当初、大坂や京都など上方で始まったこの新しいモチーフへの取り組みは、17世紀に菱川師宣の出現によって、新たな局面を迎える。それまでも木版墨摺の挿絵が入った版本は存在していたが、そこから挿絵だけを独立させ、1枚の絵として鑑賞できるものにしたのが、師宣のイノベーションだった。浮世絵の形式として一般的になる12枚1組の「揃いもの」という形式も、役者絵・美人画という浮世絵を代表することになる二大ジャンルも(ついでに言えば春画も)、師宣が先鞭をつけている。
もちろん江戸時代を通じて肉筆の浮世絵は常に存在していたし(江戸時代中期以降は版画で名を挙げ、肉筆画の注文を受けるようになるのが、浮世絵師の典型的な出世コースとなった)、中には懐月堂安度を筆頭とする懐月堂派のように、肉筆画を大量生産して木版画を作らなかった絵師たちもいれば、役者絵で一派をなし、芝居小屋の絵看板を数多く描いた鳥居派もいた(ちなみに現在の東京・歌舞伎座の絵看板も鳥居派の9代目が手がけている)。
モノクロからカラーへ
着色に制限のない繊細な肉筆画から墨1色の木版画への変化は、いくら大勢の手に入りやすい複製品とはいっても、いささか殺風景な感じを否めない。
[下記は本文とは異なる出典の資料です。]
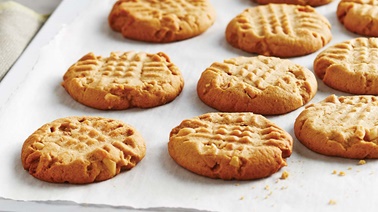 Biscuits au beurre d'arachides croquant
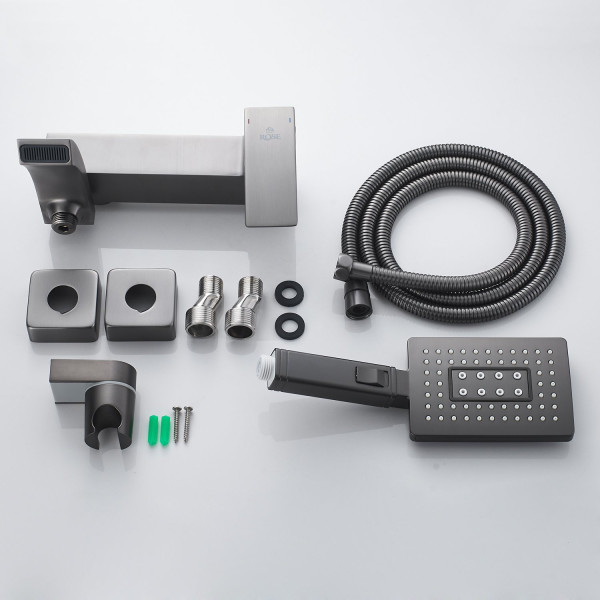 Смеситель для ванны Rose R1552T, пепельный. Фото 5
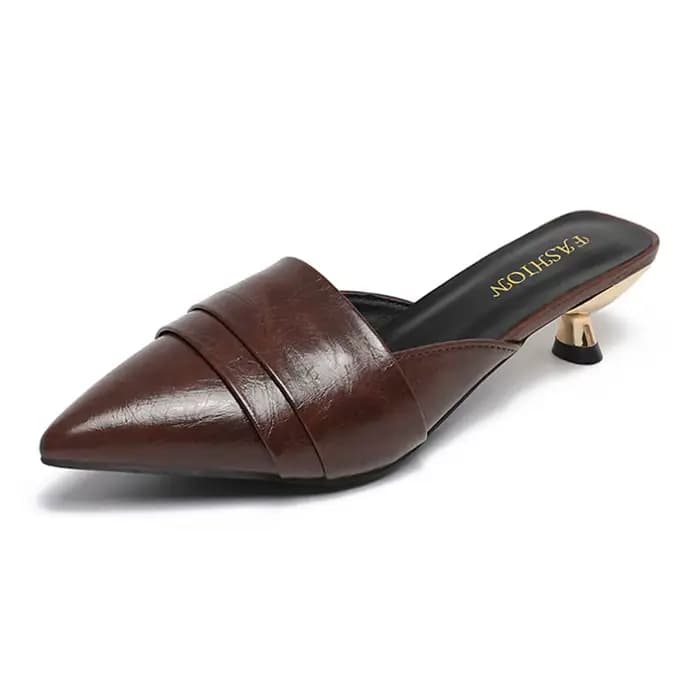 Mules à talons hauts et bout pointu pour femme, sandales d'été, chaussures de luxe 2026, chaussures de marche, sandales à enfiler Mujer Zapatos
そこに加わってくるのが、墨摺絵に、鉱物系の赤い絵の具(鉛丹)を後から筆でざっくりと彩色した「丹絵」、そのオレンジがかった赤に対して、稀少で高価な紅花の赤を、丹絵より丁寧に彩色した「紅絵」、そして紅絵の黒=墨部分に膠を混ぜて漆のような質感や光沢を出し、部分的に真鍮の粉を蒔いてより華やかに見せようと手を加えた「漆絵」などだ。
しかし墨摺の版画に1枚ずつ筆で彩色を重ねていくのではいかにも効率が悪い。18世紀前半には、墨のほかに紅、草色、黄色など、数種類の色を使った、簡単な多色刷りが生まれて来る。中国の版画技法を見よう見まねで採り入れたと思われる簡易な木版多色刷りがさらに飛躍するのは18世紀の半ば、その中心にいたのが鈴木春信だ。
ちょうどこの頃、裕福な趣味人の間で、絵入りのカレンダー(絵暦)の交換会が大流行していた。より美しい絵暦を作らせようと、口やかましいプロデューサーたちの資金と意見が木版の現場へどっと流れ込んだ結果、短い期間に10色以上の色を重ねることのできる多色刷りの技術は飛躍的に向上。さらに紙に凹凸を表現する空摺(エンボス)やぼかし(グラデーション)、背景に雲母の粉末を施して、絵に豪華な輝きを添えた雲母摺など、ただカラフルなだけではない、多彩な質感と立体性まで備えた錦織の布のような「錦絵」が生まれ、ほどなく一般にも普及して、以後浮世絵の代名詞となっていくのである。